Leonard Kiplimo Barsoton  (born 21 October 1994) is a Kenyan long-distance runner who competes mainly in cross country running and track events. He has represented his country twice at the IAAF World Cross Country Championships and was a silver medallist over 10,000 metres at the African Games.

Career
After starting his career based in Japan, Barsoton emerged as a junior athlete in 2013 by placing second to Ronald Kwemoi at the national cross country trials. He was chosen for the junior team at the 2013 IAAF World Cross Country Championships and claimed the silver medal in both the individual and team races, having finished adrift of the comfortable favourite Hagos Gebrhiwet.

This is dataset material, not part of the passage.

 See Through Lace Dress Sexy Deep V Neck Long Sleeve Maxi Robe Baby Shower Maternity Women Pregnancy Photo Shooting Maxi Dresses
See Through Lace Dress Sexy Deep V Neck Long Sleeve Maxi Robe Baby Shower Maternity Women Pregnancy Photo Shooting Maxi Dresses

After a runner-up finish behind Bedan Karoki at the Kenyan Cross Country Championships, he led Kenya to a sweep of the medals at the 2014 African Cross Country Championships, winning the race with his teammates Kipruto Kangogo, Rono Cherop and Solomon Kirwa Yego completing the top four. He also proved himself on the track that year with a 10,000 metres best of 27:20.74 minutes, ending the year fifth on the world rankings.

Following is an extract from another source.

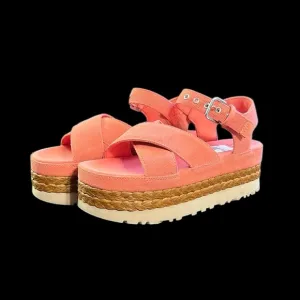 New UGG Aubrey Ankle Sandals Women’s Size 8 in Vibrant Coral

Barsoton established himself as a senior level runner in the 2015 season. Following his third place at the Kenyan Championships, he finished fifth at the 2015 IAAF World Cross Country Championships, helping the Kenyan men to a team silver. On the outdoor track he took a 10,000 m silver at the 2015 African Games, beaten by Ethiopia's Tsebelu Zewude. He failed to build on this in the 2016, not making any national teams, and ranked just outside the world's top 30 for the 10,000 m for season.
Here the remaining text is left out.